Essential Mental Functions:
The essential mental functions described here are representative of those that must be met by a team member to successfully perform the essential functions of this position. Reasonable accommodations may be made to enable individuals with disabilities to perform the essential functions.
* Display strong verbal and written communication skills.
* Ability to multi-task effectively in a busy environment.
* Ability to accurately measure and keep accurate records.
* Ability to add, subtract, multiply, and divide in all units of measure. Ability to compute rate, ratio, and percent and interpret all basic culinary math.
Essential Physical Functions:
The essential physical functions described here are representative of those that must be met by a team member to successfully perform the essential functions of this position. Reasonable accommodations may be made to enable individuals with disabilities to perform the essential functions. While performing the duties of the position, the employee is frequently required to stand, walk, turn, use hands and fingers to handle and feel, reach with hands and arms, talks and hear.

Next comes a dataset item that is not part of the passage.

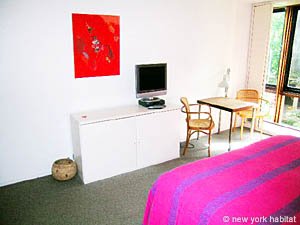 New York Studio accommodation - living room (NY-12783) photo 2 of 9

* Must be able to lift up to 50lbs.
* Must be able to walk or stand for extended periods of time.
* Ability to work in areas with extreme temperatures for extended periods of time.
The work environment characteristics described here are representative of those a team member encounters while performing the essential functions of this position. Reasonable accommodations may be made to enable individuals with disabilities to perform the essential functions. The noise level in the work environment is usually loud. Employee will be exposed to a second-hand smoke-filled environment.